Work instruction → The output should match, line for line, the records from the line containing "Bebedouro Industrial Mesa" through the line containing "Beetlejuice | Cute", with every picture left out.

Task data →
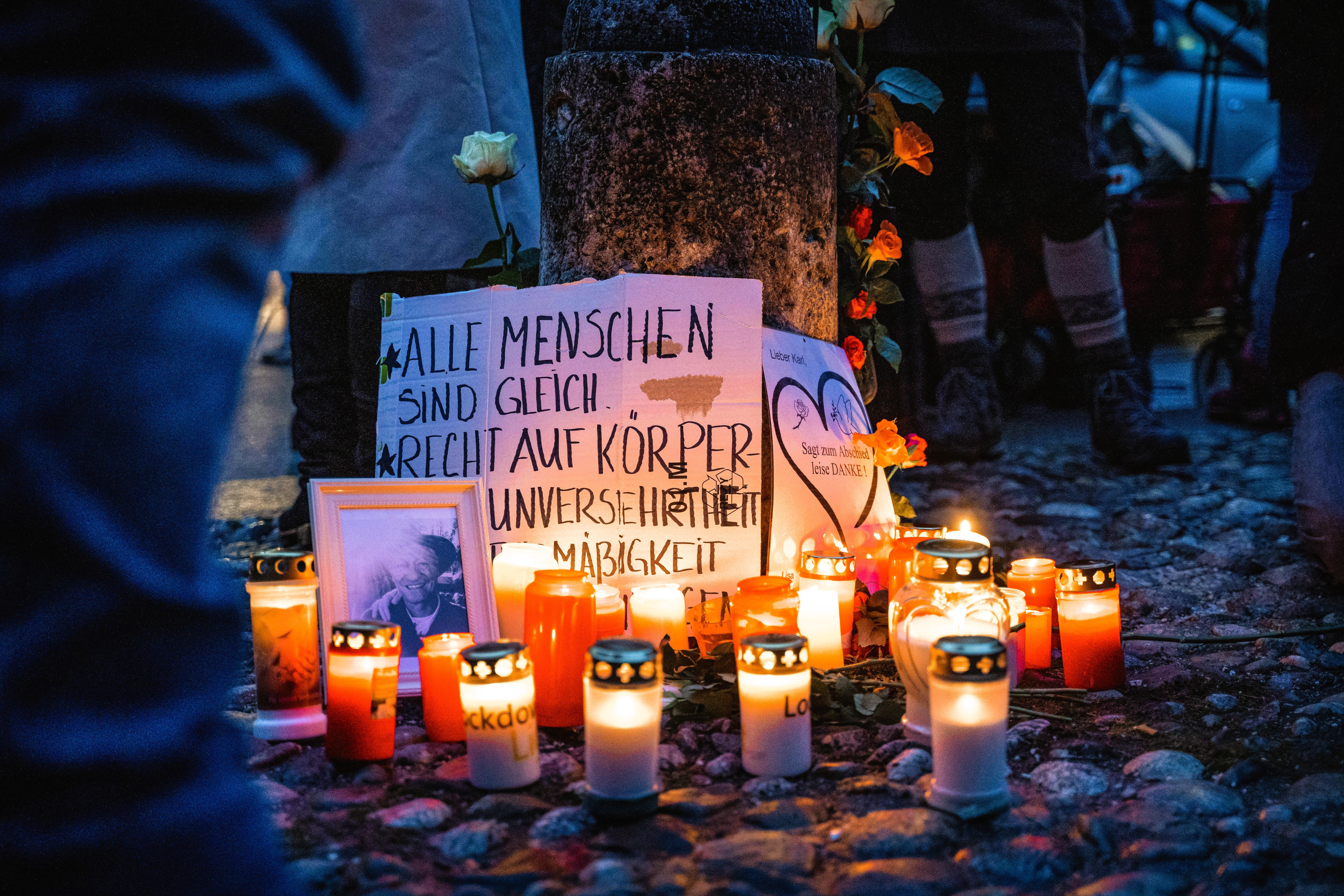Trauer! Deutscher Soldat stürzt in den Tod! Tödlicher Unfall in den bayrischen Bergen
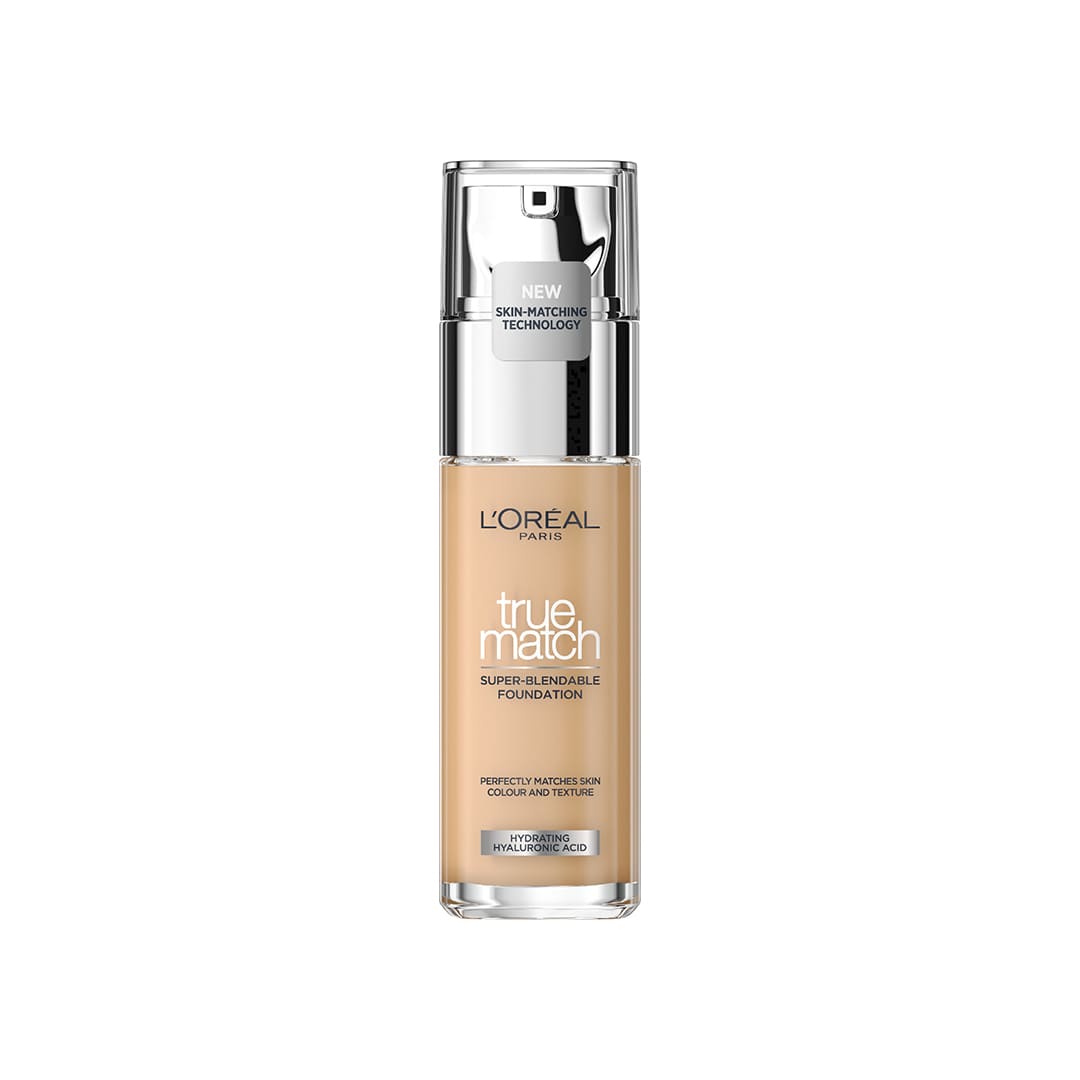 Loreal Paris True Match Foundation 5R/5C Rose Sand 30 ml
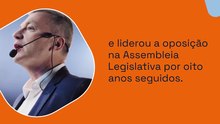 Vídeo - Morre aos 88 anos o ex-deputado gaúcho Lélio de Souza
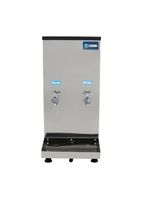 Bebedouro Industrial Mesa Knox 25L 1 Torneira Gelada 1 Torneira Natural Inox 127V (KX02B-C NG 2T)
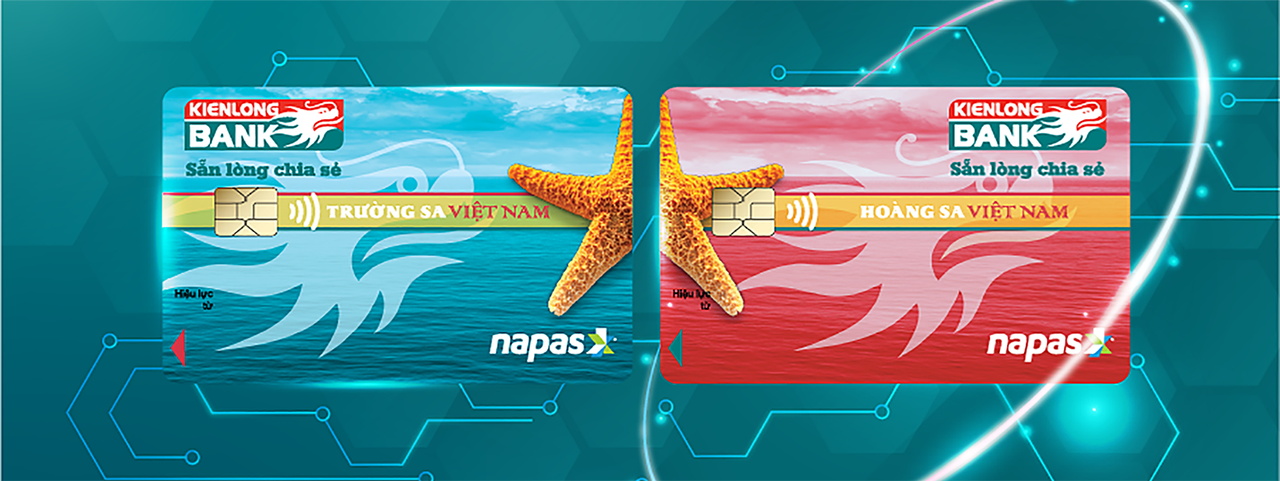 Kienlongbank miễn phí chuyển đổi thẻ ghi nợ nội địa sang thẻ chip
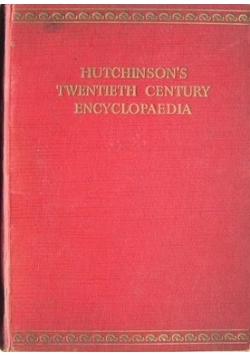 Hutchinson's twentieth century encyclopaedia
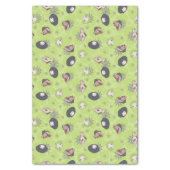 Beetlejuice | Cute Chibi Toss Pattern Tissue Paper | Zazzle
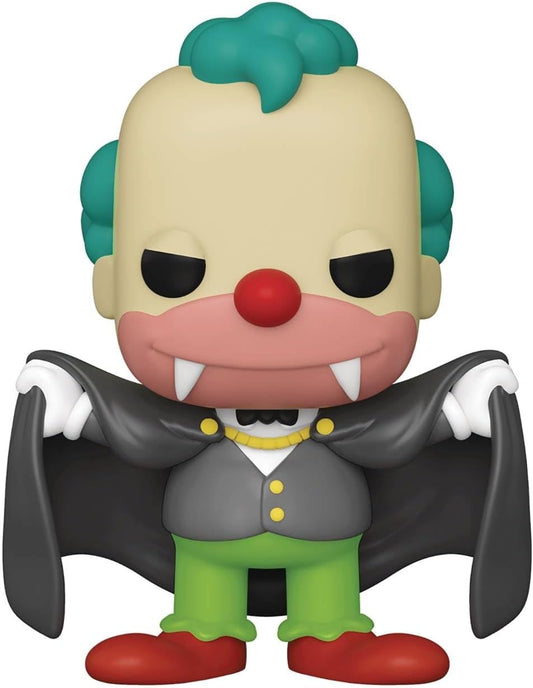 FUNKO POP THE SIMPSONS TREE HOUSE OF HORROR VAMPIRE KRUSTY 1030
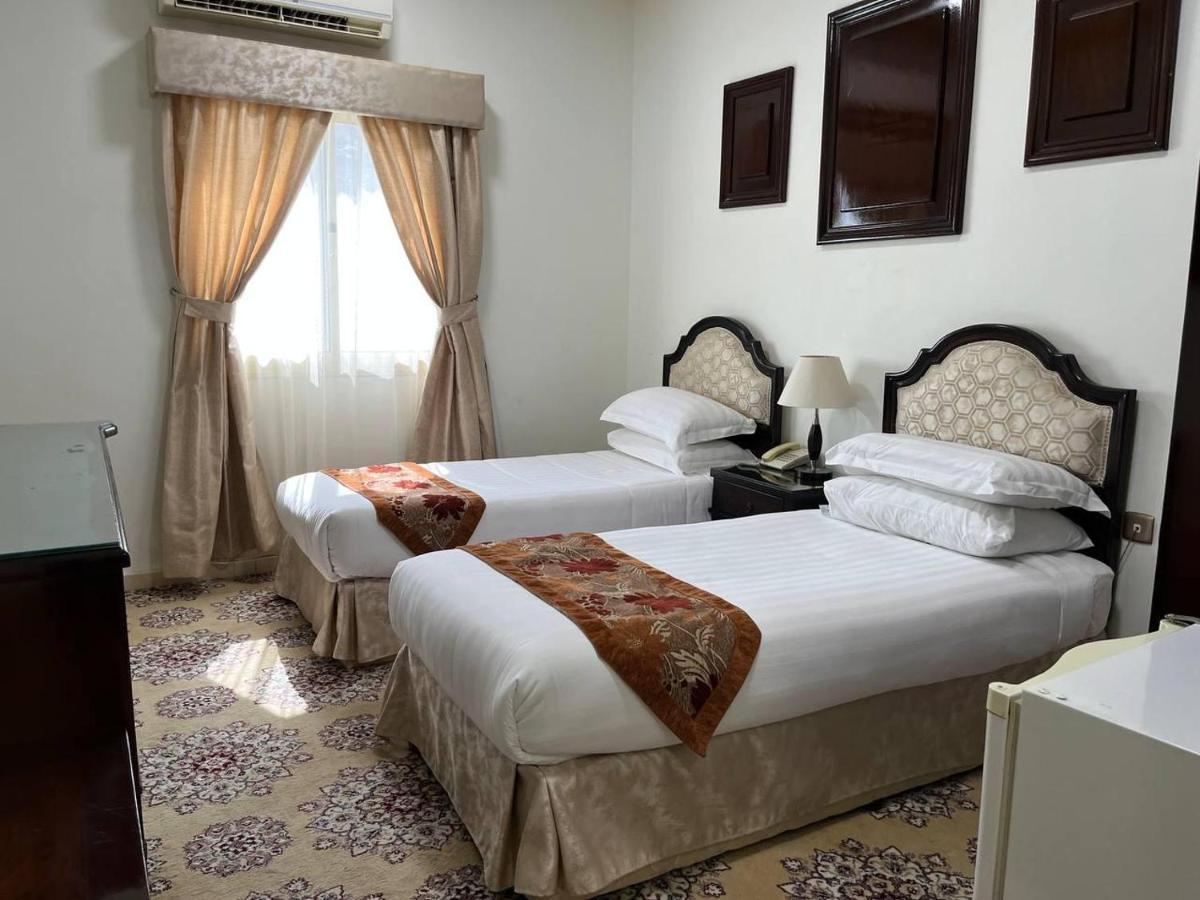 Sultan Hotel Mecca 外观 照片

Answer box →
 Bebedouro Industrial Mesa Knox 25L 1 Torneira Gelada 1 Torneira Natural Inox 127V (KX02B-C NG 2T)
 Kienlongbank miễn phí chuyển đổi thẻ ghi nợ nội địa sang thẻ chip
 Hutchinson's twentieth century encyclopaedia
 Beetlejuice | Cute Chibi Toss Pattern Tissue Paper | Zazzle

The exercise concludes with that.